Explains virtual worlds well4
Ed Castranova is probably the best known academic who writes about virtual worlds and Massively Multi-player Online Role Playing Games. These include the big online fantasy games such as Everquest and World of Warcaft, where thousands of people go and adventure together in lavish 3D worlds, as well as the more creative virtual playgrounds such as Second Life and Project Entropia, where people can more or less create whatever virtual objects they like and possibly make a real living from it.

In his first proper book on the subject, he refers back to his very first paper where he argued how the `residents' of Everquest were more productive in real dollar terms than the residents of some real countries. This brought him international fame and now many other academics are now researching the subject.
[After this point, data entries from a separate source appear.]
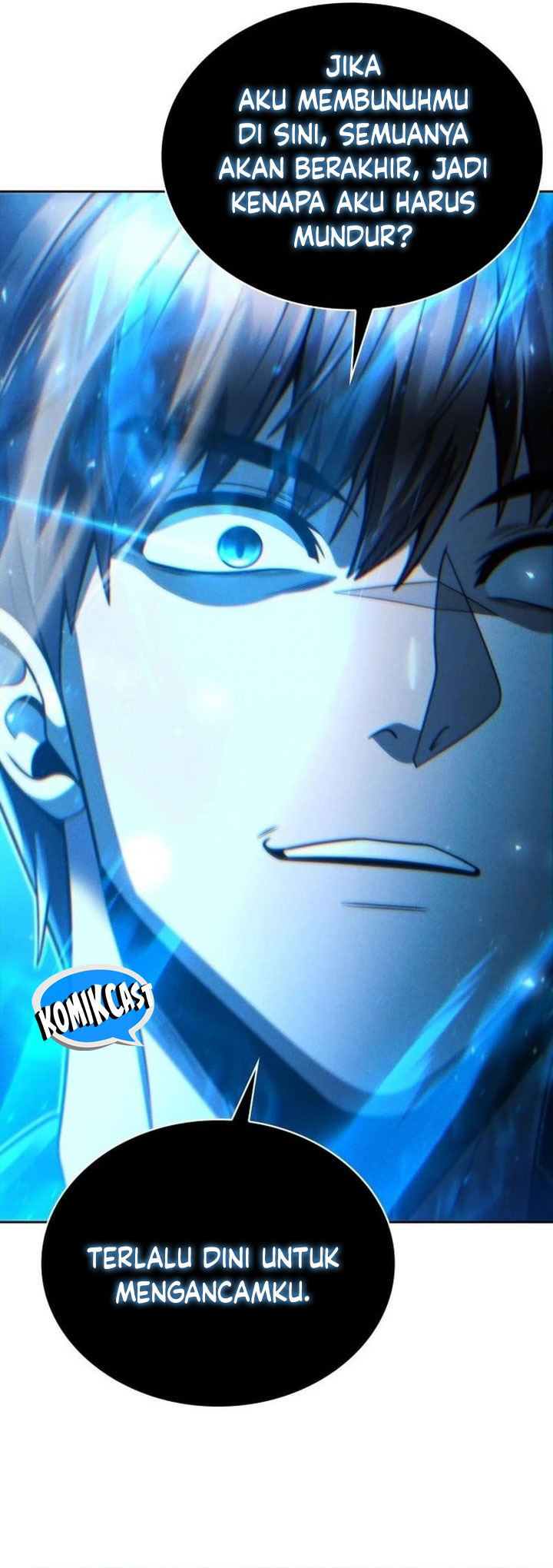 Clever Cleaning Life Of The Returned Genius Hunter Chapter 90 Image 52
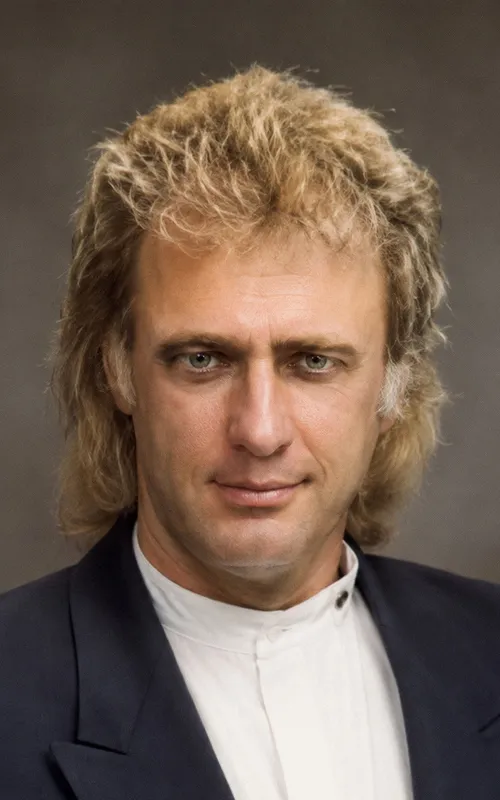 Sören
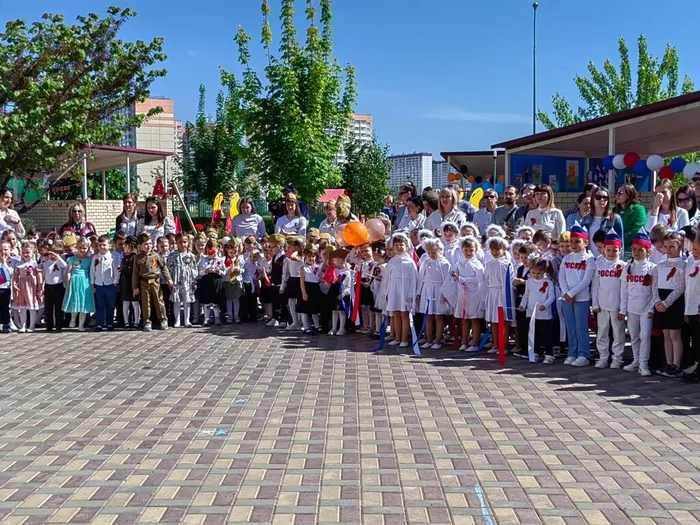 86a54dcd-afa0-4afd-b11d-dd4e9e27d447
From this basis he describes what makes a virtual world, looking at the design, the technology, the in-game economy, the social aspects and possible futures for the genre. I find Castranova a very accessible writer and found this book very interesting. People who are knowledgeable about the subject may not find too much they didn't know already but nevertheless it's a good read for anyone interested in the subject.

A definitve background account5
An essential text that has already become a classic, addressing the issues arising in MMORPGs and MUDs, most of which apply directly to the fundamentals of the more recent 'goal-free' worlds such as Second Life. Castronova writes as a senior economics academic, and deals with all the relevant issues of the synthetic world economy and its relationship to the non-synthetic world. Along the way he successfully establishes and defends a position that asserts the mutual interpenetration of synthetic and non-synthetic worlds, based on the widely-accepted utility (subjective) definition of the value of goods and services offered in a marketplace. Thus, an artefact created within Second Life and sold for the same final bid alongside non-synthetic articles on e-Bay is as real and as valuable as they are: within the economist's definition of value, identical. Text 283pp, Appendix 10pp, Notes 16pp, References 7pp, Index 14pp. It could have been dry but it is emphatically not so; a fascinating account, told with humour and insight.